For my young friends taking the Prelims exam this October
1. Prelims is a game of elimination. You’re supposed to eliminate the three least probable choices out of four options given on the page (on the page, not in your head). Once you read a question, go for the two least probable choices and eliminate them from your consideration. Now, after this first step, you should make it a contest between the two options left and weigh them against one another. That’ll increase the probability of your picking up the correct answer and save time and reduce your stress level.
2. Divide the questions into three imaginary (but useful) categories.

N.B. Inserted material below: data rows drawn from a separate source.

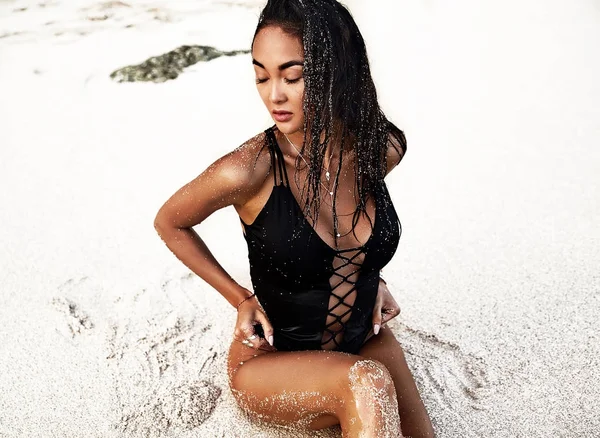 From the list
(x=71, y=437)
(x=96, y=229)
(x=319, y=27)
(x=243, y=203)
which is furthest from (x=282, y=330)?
(x=96, y=229)

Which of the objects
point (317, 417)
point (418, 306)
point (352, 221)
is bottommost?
point (418, 306)

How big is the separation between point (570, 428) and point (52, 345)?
1.84 meters

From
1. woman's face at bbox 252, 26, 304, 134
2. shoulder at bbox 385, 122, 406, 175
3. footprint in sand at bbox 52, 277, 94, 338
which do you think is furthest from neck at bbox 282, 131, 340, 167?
footprint in sand at bbox 52, 277, 94, 338

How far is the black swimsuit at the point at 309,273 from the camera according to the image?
6.59ft

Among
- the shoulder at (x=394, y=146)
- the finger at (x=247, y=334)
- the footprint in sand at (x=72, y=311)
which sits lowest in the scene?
the footprint in sand at (x=72, y=311)

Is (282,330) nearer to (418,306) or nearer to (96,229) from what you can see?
(418,306)

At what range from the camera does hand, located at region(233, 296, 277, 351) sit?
2094mm

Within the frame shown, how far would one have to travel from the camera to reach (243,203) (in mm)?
2055

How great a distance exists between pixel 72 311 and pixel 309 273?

- A – the easiest 50 questions in General Studies Paper I (and the easiest 40 questions in General Studies Paper II),
- B – relatively difficult 30 questions in General Studies Paper I (and relatively difficult 25 questions in General Studies Paper II) and
- C – the most difficult 20 questions in General Studies Paper I (and the most difficult 15 questions in General Studies Paper II)
If you’re a reasonably good student, you should be able to solve the A category questions without sweating and gasping too much. Try to attempt these questions first. Don’t get stuck with the questions that you find difficult in your first reading (B and C category questions). You can always come back to them once you’re done with the A category questions.
3. Please do remember, if you skip a question on the question paper (on the page, not in your head), you must skip it on the Answer Sheet. Don’t use your black ball pen to darken the circle meant for the question number (you’re skipping at the moment) on the Answer Sheet.
4. Once you’re done with the A category questions, come back to the question number 1 on the question paper and start looking for the B category questions.
Apply the basic technique of elimination while attempting the B category questions. Eliminate the two least possible options out of four. While weighing the rest two against each other, please focus on the why (as against how, what and when) in the question.
5. After you’re done with the B category questions, come back to the question number 1 on the question paper and start looking for the C category questions.
This is where negative marking comes into play. (If a candidate gives more than one answer it is treated as wrong answer. If a question is left blank, there is no penalty for that question.)
While attempting a question without being absolutely confident about the correct answer, please keep these questions in mind.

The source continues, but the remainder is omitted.